It can be difficult to know exactly how much to save for retirement, especially when it’s hard to predict how much money you’ll spend each year and how many years you’ll live.
Let’s look at just a few things to take into account when planning how much to put in your pension pot.
As obvious as it may sound, if you want to spoil your grandchildren, shop at the posher supermarkets and enjoy two beach holidays and a cruise each year, you’ll need more money than someone who is content maintaining a relatively modest and frugal lifestyle. So, when thinking about how much to save, take your ideal retirement lifestyle into account.
According to figures from Aviva, at the least, a pensioner needs a basic annual income of £12,590 a year, or £242 a week, to get by. The state pension can help somewhat towards this figure, but you’ll need to save the rest (multiplied by the number of years you may live) during your working life.
With it being impossible for most people to predict how long they’ll live after retirement, many pensioners use their pension pot to purchase an annuity to ensure they have a guaranteed income until they pass away. We advise researching your annuity options thoroughly to ensure you purchase one that is designed for you and takes any illnesses you may have into consideration.

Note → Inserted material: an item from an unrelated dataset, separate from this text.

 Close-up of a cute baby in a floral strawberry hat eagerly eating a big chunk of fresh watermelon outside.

If you’re a homeowner and it’s looking likely that you’ll have paid off your mortgage by the time you retire, this could reduce the amount you need for retirement.

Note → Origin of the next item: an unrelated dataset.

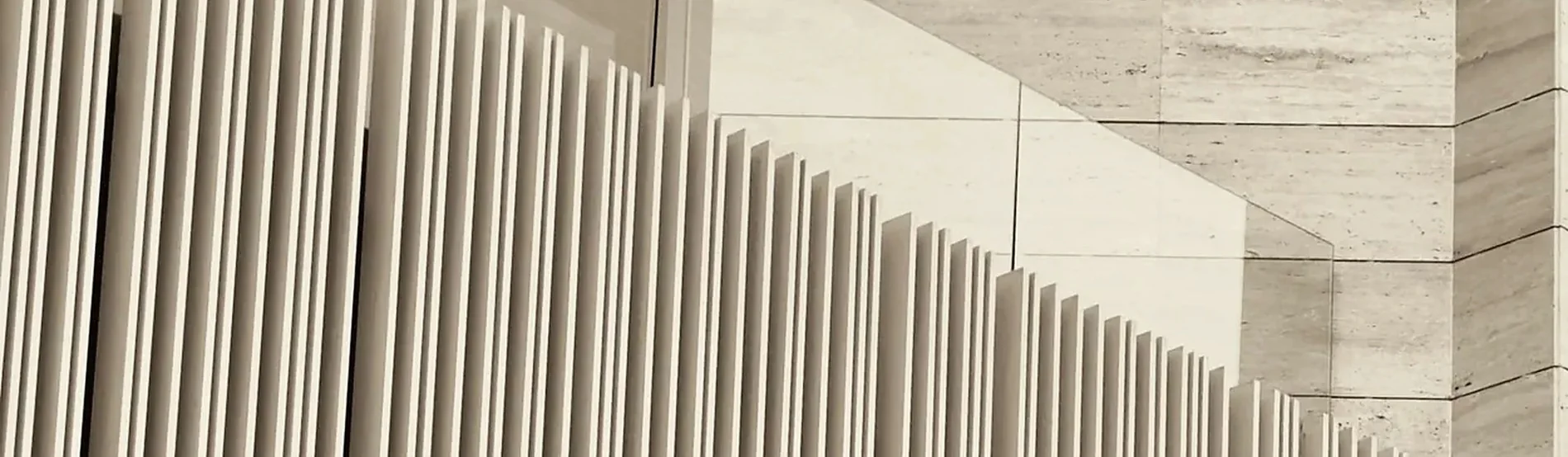Aluminium fins meeting travertine coursing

In some cases, you may end up better off financially if you prioritise overpaying your mortgage over putting money in savings. Of course, you’ll need some money in a savings account so that it can be accessed in an emergency, but with the interest on mortgage debt often exceeding the amount of interest you can earn on savings, this can sometimes be a wise financial move.

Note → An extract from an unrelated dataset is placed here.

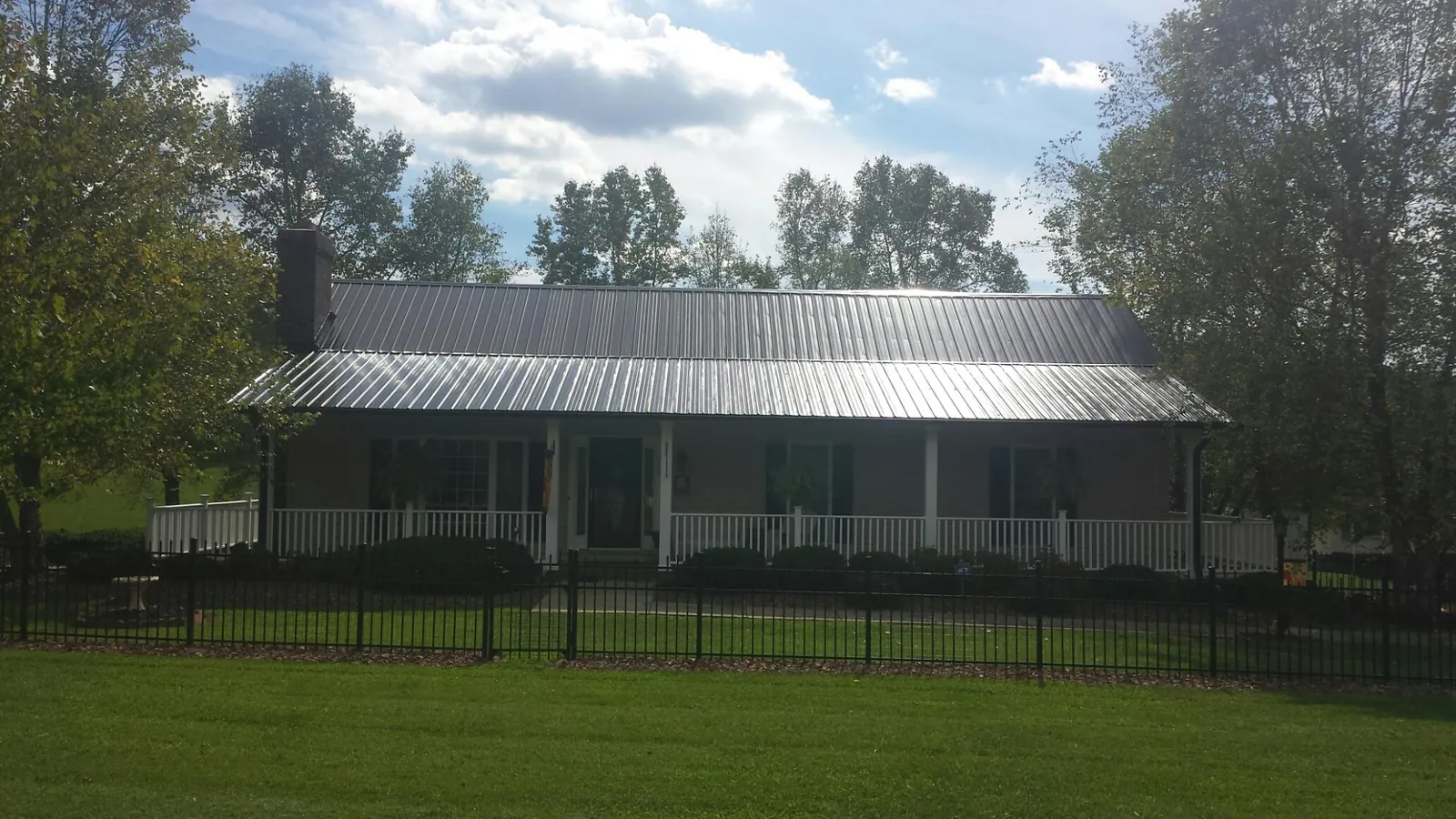 Gray metal roof on a brick ranch with a full width front porch — Gutter Guard Installation work by our crew in Bethune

Before doing the above, it’s wise to consult an experienced and reputable financial advisor to find out which move is best for you.
Typing your details into an online pension calculator can be a great way of working out how much you need to save for retirement.
Using Pension Bee’s calculator we worked out that a 30-year-old who wishes to retire at 70 could end up with an annual salary of £11,280 if they contribute £150 into a workplace pension each month. This assumes they have no pension savings prior to the age of 30 and their employer adds £50 a month. With the state pension added on top, this annual salary would increase to £19,576.
Most online pension calculators make several assumptions before giving you a total salary. For example, it may assume a particular investment return and annual inflation rate. Be sure to check these assumptions when doing your calculations.
Some financial planners recommend saving 15% of your income while others recommend saving 20%. There are also financial advisors who advise saving half your starting age as a percentage. So, if you start saving for retirement at 24, you need to save 12% of your income. If you start saving at 30, you need 15%. If you start saving at 50, you need 25%.
Although the above suggestion is a helpful way of reiterating the value and importance of saving sooner rather than later, it can be a little intimidating for those who would struggle to save at this rate.
So, if the above figures seem unrealistic to you, just start saving whatever you can and as soon as you can. Compound interest can work wonders for your pension, so by saving sooner rather than later, you give your pension pot more time to accumulate interest.